CrossleyShear Market Insights – November 21, 2018

Just a few months ago everyone wanted to plow into stocks, all stocks, especially tech stocks. Then something very normal happened…we had a correction. A correction is a pullback usually around 10% from market highs. Just a few weeks earlier we hit new all-time highs. So what has changed? Not much. A correction happens every 8 months on average. Guess when the last one was…around 8 months ago. With that said, a correction usually feels a lot worse than it is. It also often brings out the ghosts of 2008 or 2000. “I don’t want another 2008!!!” is a common chorus we hear. Corrections also tend to last around 64 days on average.

A couple of things we want to point out.  

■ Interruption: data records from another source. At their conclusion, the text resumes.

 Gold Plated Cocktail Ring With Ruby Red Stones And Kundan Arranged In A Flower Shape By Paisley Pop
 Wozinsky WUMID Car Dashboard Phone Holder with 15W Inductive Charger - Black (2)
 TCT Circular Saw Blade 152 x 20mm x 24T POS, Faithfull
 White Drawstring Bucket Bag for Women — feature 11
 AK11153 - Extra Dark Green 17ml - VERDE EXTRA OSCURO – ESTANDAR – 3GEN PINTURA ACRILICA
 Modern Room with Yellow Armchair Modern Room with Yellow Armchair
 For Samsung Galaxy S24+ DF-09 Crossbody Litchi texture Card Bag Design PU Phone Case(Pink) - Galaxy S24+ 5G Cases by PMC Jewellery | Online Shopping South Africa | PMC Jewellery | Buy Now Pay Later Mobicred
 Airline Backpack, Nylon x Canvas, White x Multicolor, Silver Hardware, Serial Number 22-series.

  1. We feel your pain, this isn’t fun, and nobody likes seeing hard earned money/gains go down.
  2. If people sold every time, we had a correction, they more than likely would never have any gains in a portfolio.  
  3. Markets typically have swings of at least 10% a year and are positive 7 out of 10 years on average. That means 70% of the time, you make money in stocks.
  4. We often hear “I would love to own this or that if it was just 10% cheaper.” Well, what are you waiting for?

We feel this correction may feel worse than usual for a few non-fundamental reasons. One being the imaginary time frame called a calendar. When a correction happens early in the year, people feel like they have all year to come back. When it happens in the later part of the year, they feel they can’t make it back by the end of the year. This is somewhat silly. Although we like to “keep score” on an annual basis, investors time horizon should extend beyond the period it takes for a trip around the sun.

One of the table stakes of the way we try to manage money is to attempt to evaluate the level of risk someone is willing to take and then we use various math-based models to attempt to reduce the potential for catastrophic loss. It’s not emotional, it doesn’t care how we feel, it’s based on the numbers. If we continue to decline based on momentum, we will continue to remove risk and raise capital. Fundamentals are good right now for most companies and for our Country. Unemployment is low, wages are rising, earnings are good, and inflation is stable. This is not 2008. If we saw declining fundamentals paired with a drop in the market, we would be more concerned. We, like you, are frustrated. The poor stuffed bear on my desk has been brutalized the last month. However, we see better days ahead and have several potential catalysts that could turn this around with no notice. Stay the course and have faith in your investment and financial plan. If something has changed in your situation that dictates a change, please let us know so we can make adjustments. Otherwise, try to tune out the noise and enjoy your family and friends and the good in your life this holiday season and every day.